In attribute inference attacks, attackers use published graph embeddings to infer sensitive information about user nodes (e.g., a user’s gender and location). Inferring these model attributes is usually formulated as a supervised learning problem. With a given target embedding, a supervised attack model is trained to predict the sensitive attributes of the target user.

Zhang et al. (2022d) also studied attribute inference attacks and graph reconstruction attacks via graph embeddings - their aim being to infer the essential attributes of the target graph, such as the number of nodes, number of edges, and graph density. The attack is modeled as a multi-task classification problem, where all the attributes of interest are predicted simultaneously. As such, their method can reconstruct graphs with a similar structure and statistical information to the target graph.

Anonymizing graph data by removing identifying information and adding or removing edges is a popular strategy for privacy protection (Ji et al. 2017). Li et al. (2020) conducted a privacy attack study on de-anonymization and proposed a seed-free graph de-anonymization method that automatically extracts features and matches nodes globally without initial matching node pairs. Specifically, they used deep neural networks to learn features and an adversarial framework for node matching. The extensive experimental results show that the proposed method outperforms existing seed-free methods by a factor of one hundred in landmark identification.

5.2 Defenses against privacy attacks

Privacy attacks on GNNs pose such a significant threat that many researchers have studied how these models can be protected. Differential privacy was specifically designed to objectively quantify the privacy loss of individuals whose data are algorithmically processed (Dwork 2008; Dwork and Roth 2014). Today, differential privacy remains one of our best defenses against privacy attacks (Zhang et al. 2021a; He et al. 2021). Table 11 summarizes the literature on privacy defenses in recent years.

Table 11 Comparison of defenses against privacy attacks

5.2.1 Differential privacy

\(Differential\ Privacy\ (DP):\)Differential privacy uses randomization methods to make personal data unstealable while ensuring that the statistical features are accurate. Specifically, randomization is added to the data so that an attacker cannot infer private information from any differences in the query results. The formal definition of differential privacy is as follows:

$$\begin{aligned} \mathbb {P}[M(\textrm{D}) \in S] \le e^{\varepsilon } \mathbb {P}\left[ M\left( \textrm{D}^{\prime }\right) \in S\right] +\delta \end{aligned}$$
(14)

where M is a randomization algorithm, \(\textrm{D}\) and \(\textrm{D}^{\prime }\) are two different datasets, S is all events, \(\varepsilon\) is the privacy budget, and \(\delta\) is a perturbation. This formula holds that a randomized algorithm acting over M on two neighboring data sets \(\textrm{D}\) and \(\textrm{D}^{\prime }\) should yield an output event S with about the same probability.

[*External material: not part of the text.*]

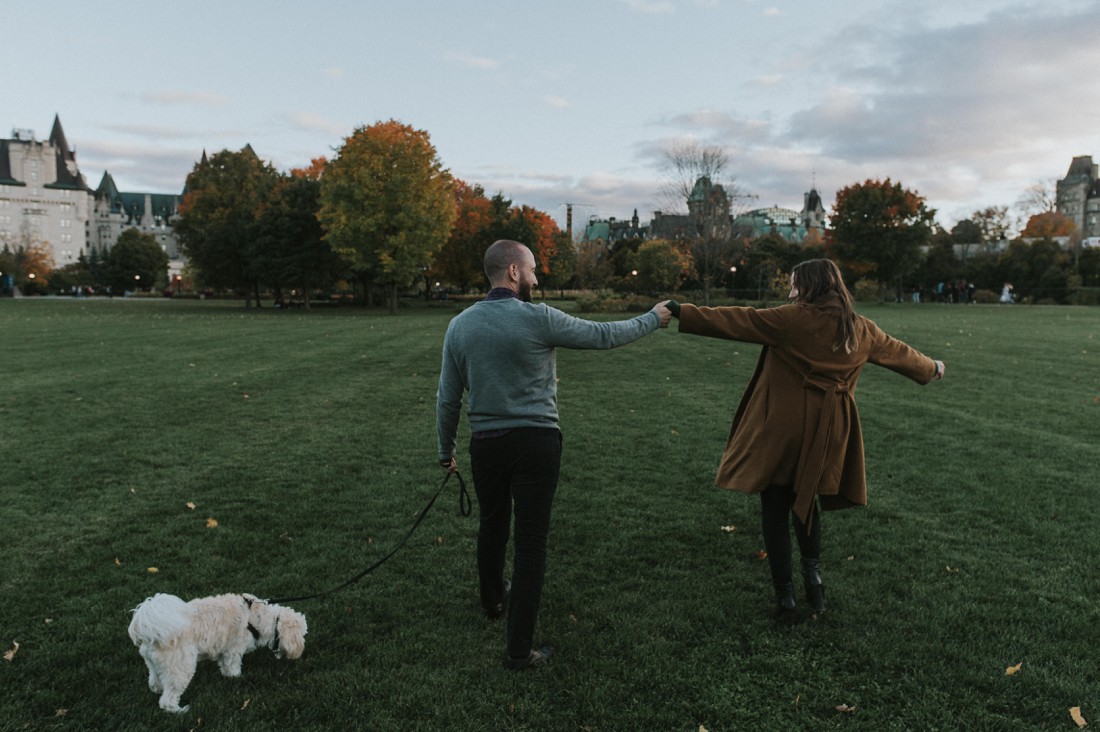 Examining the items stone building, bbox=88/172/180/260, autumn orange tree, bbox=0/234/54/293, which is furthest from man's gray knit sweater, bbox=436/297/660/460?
stone building, bbox=88/172/180/260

To use differentially-private algorithms for GNN data, the properties of the neighboring datasets need to be formally defined (Mueller et al. 2022). In this paper, these neighboring datasets are divided into three categories according to what is being protected: removing or adding a node and its adjacent edges (node-level DP), removing or adding an edge (edge-level DP), and removing or adding an entire graph (graph-level DP).

Olatunji et al. (2021) proposed a new protection framework for the differential privacy of graph data (PrivGNN) so as to publish GNN models with differential privacy guarantees. They assumed two graphs exist: a labeled private graph and an unlabeled public graph. PrivGNN uses distillation learning (Hinton et al. 2015), where knowledge from some teacher models trained on private graphs is transferred to some student models trained only on public graphs using differential privacy. By exploiting the teacher-student training paradigm, PrivGNN is robust to attacks on GNN models, including membership inference attacks and model stealing attacks. In addition, they derive tight privacy guarantees using Rényi Differential Privacy (RDP) (Mironov 2017), the theoretical results of a Poisson subsampling mechanism, and the advanced combination theorem of RDP.

To ensure individual link privacy, Yang et al. (2021) formulated and enforced strict privacy constraints on deep graph generation models using a differential privacy framework that focuses on link-DP. Their framework, called differential privacy graph generation adversarial network (DPGGAN), performs differentially-private training on a graph generation model that has had its links reconstructed. Strict individual link privacy preservation is achieved and, further, a structure-oriented graph comparison for practical global graph structure preservation is ensured.

Sajadmanesh et al. (2023) proposed a novel GNN learning method called GAP that carries differential privacy guarantees based on a study of aggregation perturbation. Aggregation perturbation, in which a Gaussian mechanism is applied to the output of the GNN aggregation function, is used as the primary technique for implementing DP in the proposed method. The neighborhood aggregation step and learnable transformation are separated into different aggregation and classification modules to avoid spending a privacy budget in each training iteration. To further reduce costs from the budget, the node features are transformed into a low-dimensional space via an encoder that does not depend on the graph adjacency matrix.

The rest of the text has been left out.